Bicoptor: Two-round Secure Three-party Non-linear Computation without Preprocessing for Privacy-preserving Machine Learning
Lijing Zhou, Ziyu Wang, Hongrui Cui, Qingrui Song, Yu Yu
TL;DR
The paper tackles the bottleneck of non-linear computations in MPC-based privacy-preserving ML by introducing Bicoptor, a family of two-round 3PC protocols without preprocessing. Its core is a novel sign-detection protocol derived from a probabilistic truncation technique that handles unknown bit-lengths with repeated TRC evaluations and careful error analysis.
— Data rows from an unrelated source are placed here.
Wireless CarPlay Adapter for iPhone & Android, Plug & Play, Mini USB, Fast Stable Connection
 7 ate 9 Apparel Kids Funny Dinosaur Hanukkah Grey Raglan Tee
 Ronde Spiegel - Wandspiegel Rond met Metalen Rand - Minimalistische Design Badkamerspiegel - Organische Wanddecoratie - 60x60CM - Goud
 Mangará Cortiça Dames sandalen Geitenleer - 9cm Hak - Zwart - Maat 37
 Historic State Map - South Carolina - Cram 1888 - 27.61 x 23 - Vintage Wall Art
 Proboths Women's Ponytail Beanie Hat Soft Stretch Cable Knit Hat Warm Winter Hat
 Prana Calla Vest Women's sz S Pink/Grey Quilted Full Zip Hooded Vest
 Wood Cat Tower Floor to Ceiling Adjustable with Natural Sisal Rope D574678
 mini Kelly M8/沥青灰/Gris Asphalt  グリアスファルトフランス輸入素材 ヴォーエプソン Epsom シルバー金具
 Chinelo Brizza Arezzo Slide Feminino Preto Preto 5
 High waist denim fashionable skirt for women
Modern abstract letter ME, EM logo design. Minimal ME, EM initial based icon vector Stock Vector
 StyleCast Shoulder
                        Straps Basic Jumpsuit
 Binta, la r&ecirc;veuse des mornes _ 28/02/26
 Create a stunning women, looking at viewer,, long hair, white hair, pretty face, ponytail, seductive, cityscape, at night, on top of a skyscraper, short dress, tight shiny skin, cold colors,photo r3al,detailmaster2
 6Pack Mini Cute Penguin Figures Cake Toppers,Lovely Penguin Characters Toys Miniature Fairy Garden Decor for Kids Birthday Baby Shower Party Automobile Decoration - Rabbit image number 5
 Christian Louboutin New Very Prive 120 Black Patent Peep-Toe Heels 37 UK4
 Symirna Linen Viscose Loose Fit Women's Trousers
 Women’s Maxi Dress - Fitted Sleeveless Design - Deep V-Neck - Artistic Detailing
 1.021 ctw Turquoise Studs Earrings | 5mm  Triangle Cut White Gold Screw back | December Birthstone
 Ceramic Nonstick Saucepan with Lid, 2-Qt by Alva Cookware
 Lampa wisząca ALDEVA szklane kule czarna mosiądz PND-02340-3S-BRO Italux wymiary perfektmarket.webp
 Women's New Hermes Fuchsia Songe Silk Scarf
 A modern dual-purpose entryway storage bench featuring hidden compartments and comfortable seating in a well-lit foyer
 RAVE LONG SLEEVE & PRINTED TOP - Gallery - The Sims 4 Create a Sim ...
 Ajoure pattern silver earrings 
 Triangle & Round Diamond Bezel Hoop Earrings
The authors extend DReLU to ReLU, ABS, PLU, MAX/MIN/SORT/MED, and MAX, delivering GPU-friendly, constant-two-round protocols and achieving substantial throughput gains in LAN experiments (e.g., up to ~390k DReLU and ~370k ReLU ops/s; ~110k MAX4 and ~41k MAX9). The work reduces online PPML overhead and eliminates preprocessing costs, enabling scalable PPML deployments on public clouds.
Abstract
The overhead of non-linear functions dominates the performance of the secure multiparty computation (MPC) based privacy-preserving machine learning (PPML). This work introduces a family of novel secure three-party computation (3PC) protocols, Bicoptor, which improve the efficiency of evaluating non-linear functions. The basis of Bicoptor is a new sign determination protocol, which relies on a clever use of the truncation protocol proposed in SecureML (S\&P 2017). Our 3PC sign determination protocol only requires two communication rounds, and does not involve any preprocessing. Such sign determination protocol is well-suited for computing non-linear functions in PPML, e.g. the activation function ReLU, Maxpool, and their variants. We develop suitable protocols for these non-linear functions, which form a family of GPU-friendly protocols, Bicoptor. All Bicoptor protocols only require two communication rounds without preprocessing. We evaluate Bicoptor under a 3-party LAN network over a public cloud, and achieve more than 370,000 DReLU/ReLU or 41,000 Maxpool (find the maximum value of nine inputs) operations per second. Under the same settings and environment, our ReLU protocol has a one or even two orders of magnitude improvement to the state-of-the-art works, Falcon (PETS 2021) or Edabits (CRYPTO 2020), respectively without batch processing.